I really love these lights, been doing fantastic for my tank so far. I also have the 90cm light on my 80cm tank and it works pretty well, the only issue is that there is a little bit of overhang and one LED being off the side, but that doesn't really bother me personally.


----------



## AverageWhiteBloke (3 Mar 2016)

Any feedback on Light intensity? Considering getting one.


----------



## stu_ (3 Mar 2016)

Hi,I like it.
I've got the 60cm version over my 60cmx40x30(h).
It sits about 5cm above the tank.
According to the blurb the 14 piece, 2w leds each produce 100-150lm.
Even at 60-70% light levels (cheap eBay dimmer) ,plant growth is pretty good IMO.
My mixed carpet E.Acicularis, Tennelus & M.Hirsuta has really took off.
They do give off a faint pink hue,but I don't mind that.


----------



## AverageWhiteBloke (4 Mar 2016)

I think I'm sold


----------



## Miroslav (4 Mar 2016)

Hello,

Thank you very much to you all for helping scaper in need 

Yes so far we did not have bad feedback on the lights and I myself using one of them on my Juwel 125.

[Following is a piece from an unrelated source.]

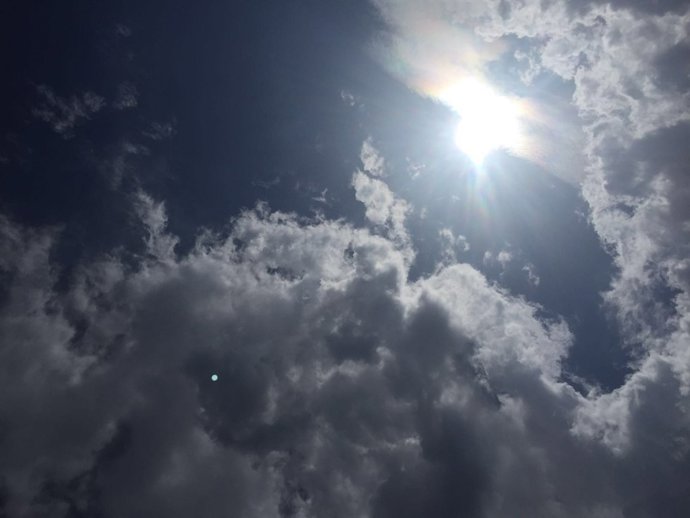 El tiempo en Euskadi, nubes y claros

Did not have to dimmed the light so far however I might look on the dimmer below:



Imorpher said:


> This is the one I had on my lights for a while. http://www.ebay.co.uk/itm/RF-Mini-W...rip-3528-5050-DC-5-24V-Not-RGB-/321899373013?


----------



## AverageWhiteBloke (4 Mar 2016)

Just Curious, is the total length of the fitting including the legs 600mm or the light fitting itself?


----------



## Miroslav (10 Mar 2016)

AverageWhiteBloke said:


> Just Curious, is the total length of the fitting including the legs 600mm or the light fitting itself?



Hello,

regarding to your question no the brackets can be extended approximately 5 cm on each side.


----------